- **EXERCISE**
Skip all pictures; return exactly the lines from the one containing "Living healthy and" through the end of the data.

[Opening AVAILABLE DATA section]

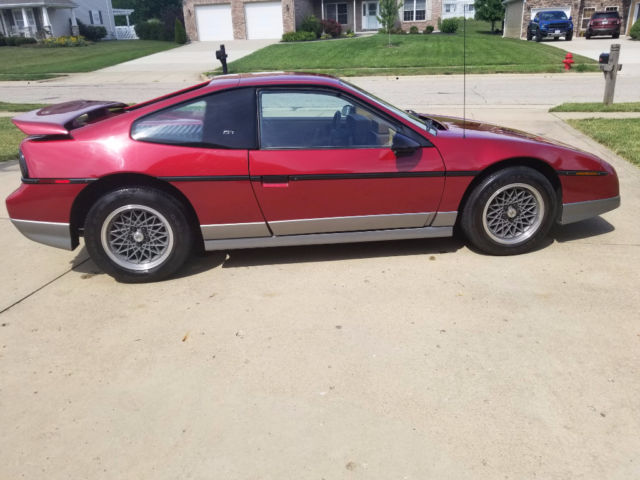1987 Pontiac Fiero GT - photo 3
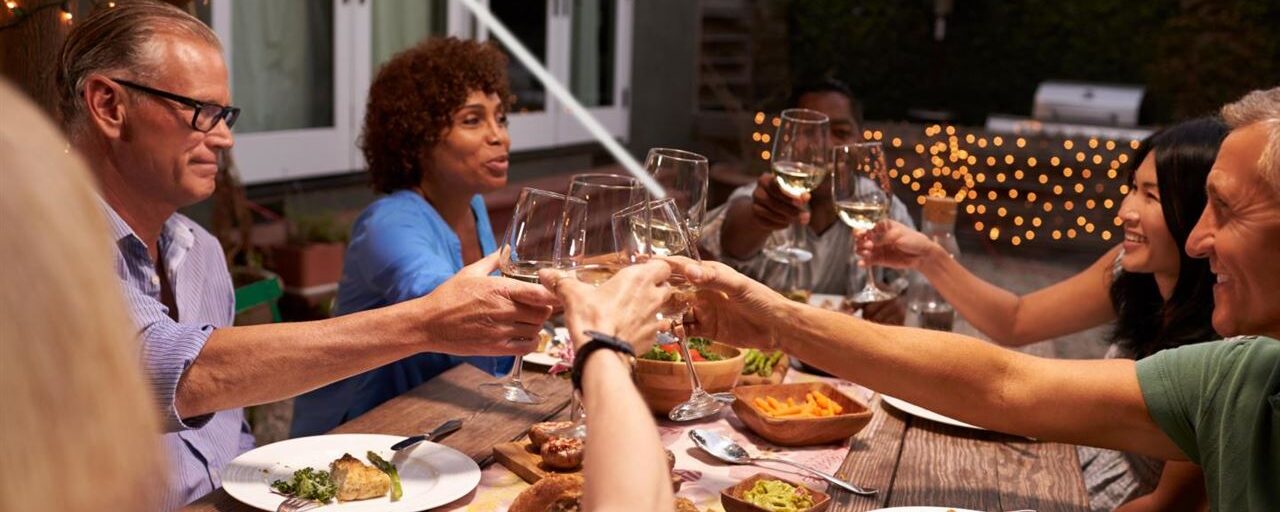Living healthy and still enjoy yourself? You can!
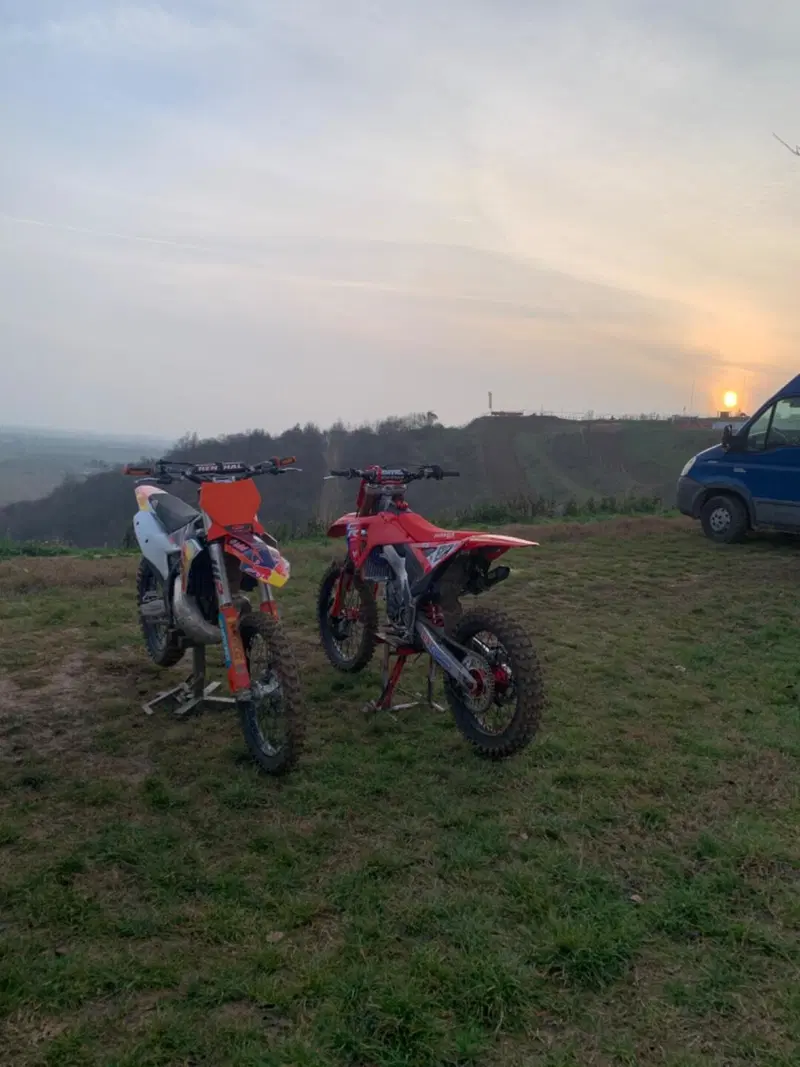 KTM 250 SX (2023) (4)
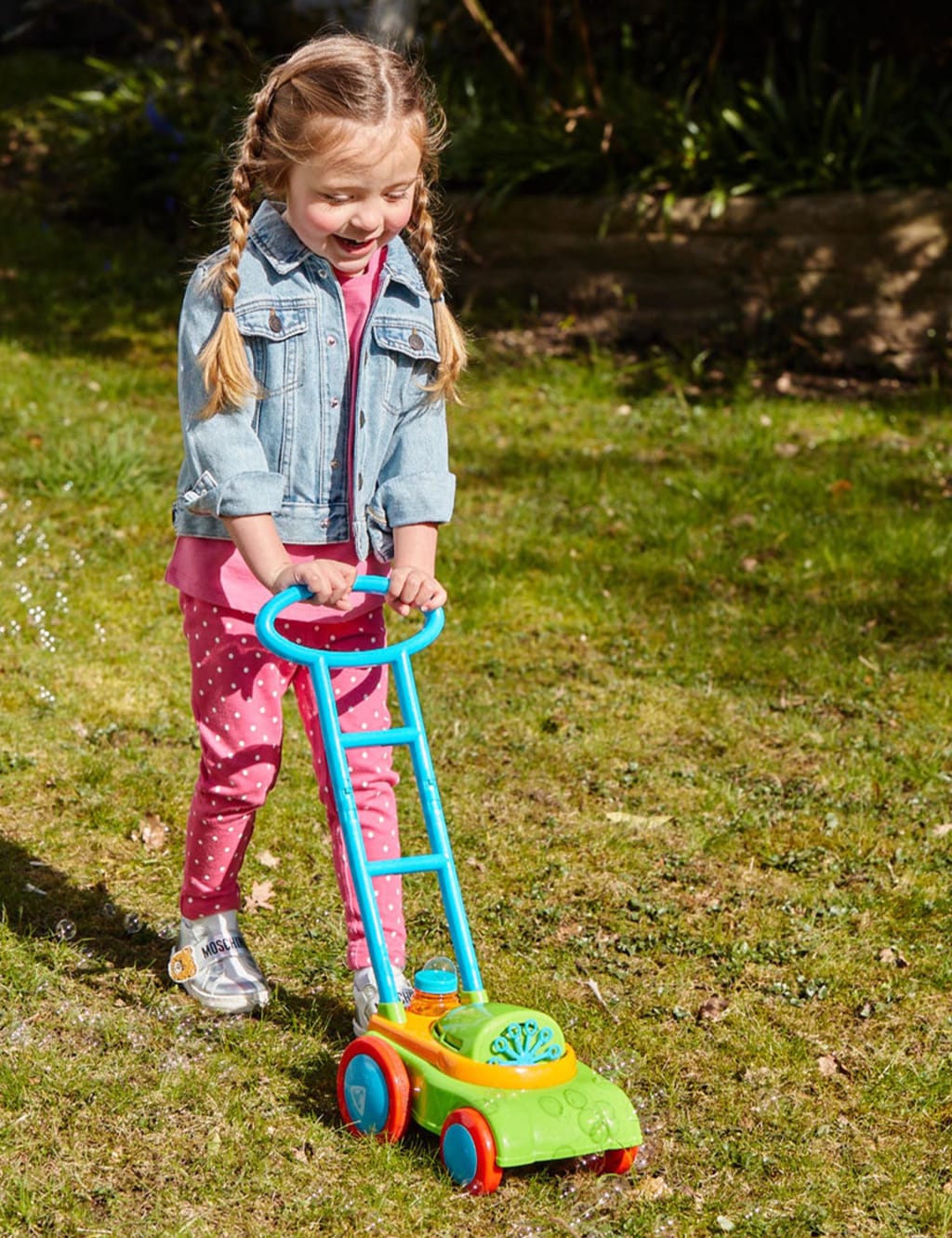 Girl bubble lawn deals mower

[Closing AVAILABLE DATA section]

- **REPLY**
Living healthy and still enjoy yourself? You can!
 KTM 250 SX (2023) (4)
 Girl bubble lawn deals mower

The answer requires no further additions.